I mean, what if somebody sees you with those people, and you're not dressed as a zombie? What are they gonna think?  Which is why it's always the same seven people who show up to protest MBTA fare hikes in Boston, to give one timely example.  I have to admit that while I got the lead out for the T Rider's Union Bake Sale a couple of weeks ago, I couldn't be bothered to show up to South Station for their latest leafleting campaign.

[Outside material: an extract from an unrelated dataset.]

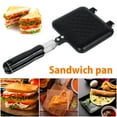 thumbnail image 1 of Pluokvzr Sandwich Toaster Maker Grill Breakfast Camping Stove Stainless Toaster Aluminium Cool Touch Handle Suitable for, 1 of 7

I don't do leaflets, sorry. 

Because, not to beat a dead horse here, but the problem is not that people don't know about impending fare hikes and service cuts.  The problem is there's no way to incorporate zombie flashmobs into the whole thing.  The problem is no one has come up with a way to raise awareness by riding the T in your underwear.  The problem is public action isn't any fun if there's a point to it.

Boston is a college town, and while college kids in generations past could always be relied on to find the unfairness in anything and perkily protest it, nowadays they're wary of taking anything too seriously.  There was an article about the T fare hikes in BU's Daily Free Press the other day: "MBTA could increase fares: BU students consider alternatives"Not, mind you, "BU students organize a protest" or "a letter-writing campaign," or storm the State House dressed as zombies

School of Management senior Yiyi Xie's reaction was typical:
“I don’t care as long as the T pass doesn’t get more expensive, but if it does, I don’t really have a choice,” Xie said. “If it gets more expensive than driving, then I’ll drive I guess.”

Should the learned helplessness of the future ruling class worry us?  There's one glimmer of comprehension in the article.  CAS freshman Jacob Slutsky muses: "The government should do more to make public transportation more attractive, maybe tax more on gas or something."  Yeah, or something.

There is a greater sense of urgency among college students about "putting the MBTA on Google Transit" so that they can see it on their iphones.  This is not a generation for which economic hardship is a reality.  Not even a virtual reality. 

Why don't people protest, Professor?  Because they can afford not to.  And when you can afford not to the only reason you'd do it is because all your mates are doing it, and it's a good time smashing things up.  But what about when it's not, because those angry, outspoken working poor advocate people and the fat, ponytailed, fair-trade locavore hippies in their Berks and homemade hackysacks with their weird, overarticulate home-schooled kids show up, all taking it serious and shit? 

The answer is right in front you.  Zombies. The future of protest, the future of democracy in America, belongs to zombies.